Determining Charateristics of Progenitor

Introduction

The scenario this code attempts to address is the following. Say you observed a binary system in a galaxy that was a certain off-set from the center of that galaxy. You also have information about the masses of the system you observed. What, if anything, can you say about some of the properities of the system at its initial creation in the galaxy. Specifically, at the creation of the larger component mass of the system via a Supernova. The properities of the system at this stage that one needs to sample over inclue such as pre-supernova semi major axis, supernova kick, Mass of pre-supernova helium star, etc.

In order to accomplish this, one would need to load in properities of the galaxy in which this system was created. For example this includes information such as:

'Mspiral' # mass of the spiral (Msun) # NOTE: this information is not available, for now set to 0
'Mbulge' # Mstellar from 2MASS (Msun)
'Mhalo'  # Mhalo from 2MASS (Msun)
'D1':    # major axis from 2MASS (arcmin)
'D2':    # minor axis from 2MASS (arcmin)

>>> Galaxy = constr_dict.galaxy(galaxy_name, samples, r_eff, offset, h)

This is done using galaxy(). In addition to creating a dictionary of galaxy properities, we must assume a Galaxy model for this galaxy. The current model that is implemented and works is Hernquist Hernquist_NFW().:

>>> gal=Hernquist_NFW(Galaxy['Mspiral'], Galaxy['Mbulge'], Galaxy['Mhalo'], Galaxy['R_eff'], h, rcut=100)

Once, the galaxy and galaxy model is selected it is now time to sample over a large set of initial conditions of the system that you observed. These initial conditions include, the mass of pre supernova helium star, the kick velocity of the supernova, the pre supernova semi major axis, initial distance from center of galaxy. After creating these intiail conditions we evolve the system to see if a.) there is a merger within some reasonable time (<14 Giga years) and b.) it merged at the appropriate off-set (with some error) from the center of the galaxy. The only value sampled over in the following section that is not relevant to the initial conditions of the system that you observed is the distance uncertianity of the hose galaxy (which impacts the uncertainity in the observed off set). This value is not necessary as fixed inflated errors bars can be used in order to be “safe”. In the following sections, we dive into the code used to accomplish this.
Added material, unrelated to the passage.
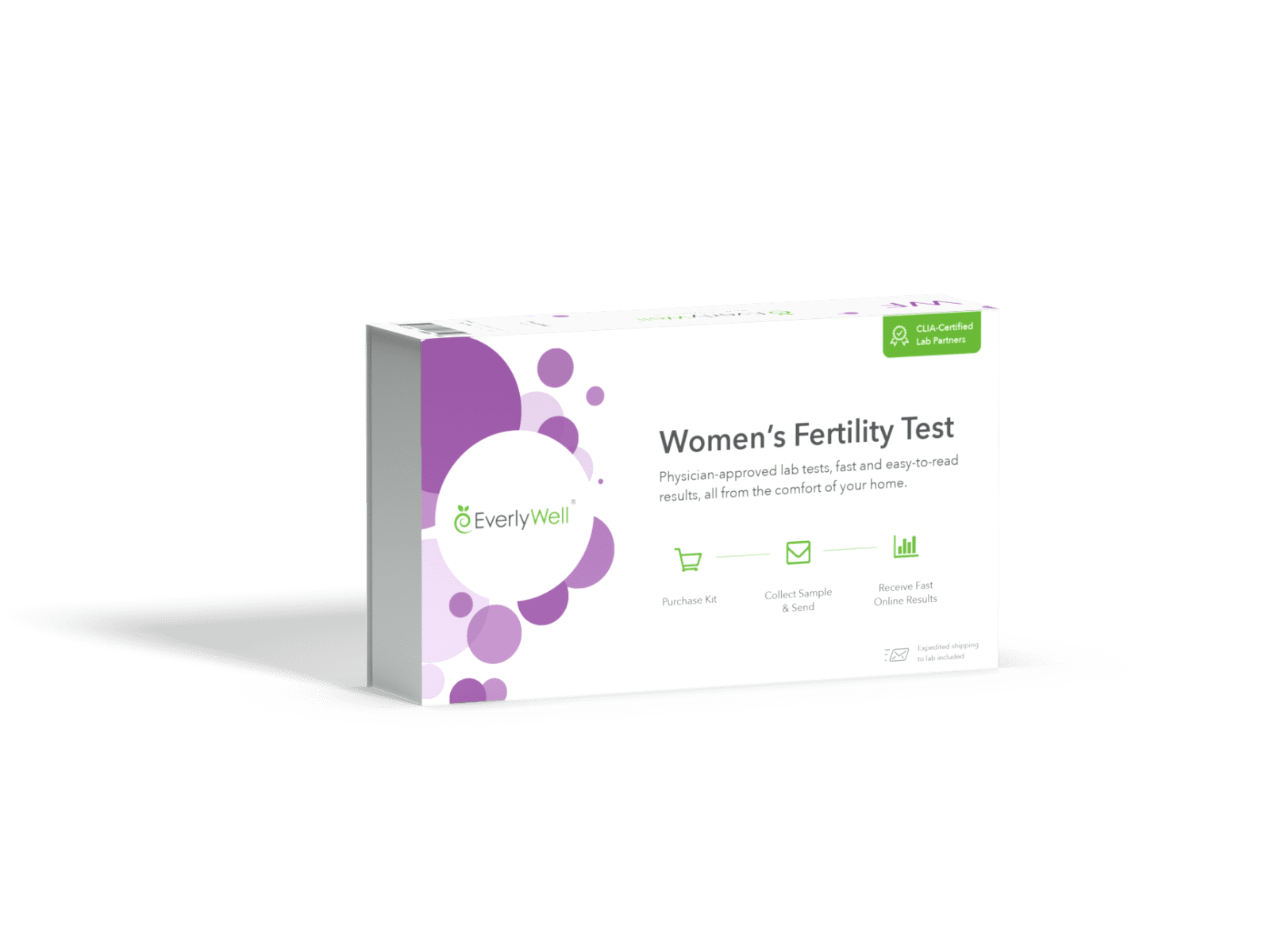 2021 Everlywell Review How Does It Work? Pros & Cons News Wire Evolution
Sampling Initial Conditions

In the executable, all of the sampling is done as such:

Nsys=args.trials
dEfrac = 0.0

# Initialize random draws for some parameters based on number of trials
print "\nSampling binary parameters..."

Mcomp_dist, Mns_dist = samp.sample_masses(samples, method=args.Ms, size=Nsys)
# (Msun)

d_dist = samp.sample_distance(samples, method=args.distance, size=Nsys)
# (Mpc) (Not necessarily used, as inflated error bars in the observed galactic offset can be used to account for the distance (or uncertianity in distance) of the galaxy


Apre_dist = samp.sample_Apre(Amin=0.1, Amax=10.0, method=args.Apre, size=Nsys)
# (Rsun)

epre_dist = samp.sample_epre(method=args.epre, size=Nsys)
# (dimensionless)

PDFR = samp.initialize_R()

R_dist = samp.sample_R(PDFR, Nsys)
# (kpc)

PDFMhe = samp.initialize_Mhe(0.6)
ECSPDFMhe = samp.initialize_Mhe(0.1)
CCSPDFMhe = samp.initialize_Mhe(1.0)
dumrand = np.random.uniform(0,1,size=Nsys)
Mhe_dist = samp.sample_Mhe(Mmin=Mns_dist, method=args.Mhe, size=Nsys, PDF=PDFMhe, ECSPDF=ECSPDFMhe, CCSPDF=CCSPDFMhe, irand=dumrand)
# (Msun)
ECS,CCS = samp.initialize_Vkick()

Vkick_dist = samp.sample_Vkick(method=args.Vkick, size=Nsys, ECSPDF=ECS, CCSPDF=CCS, Mhe=Mhe_dist, irand=dumrand)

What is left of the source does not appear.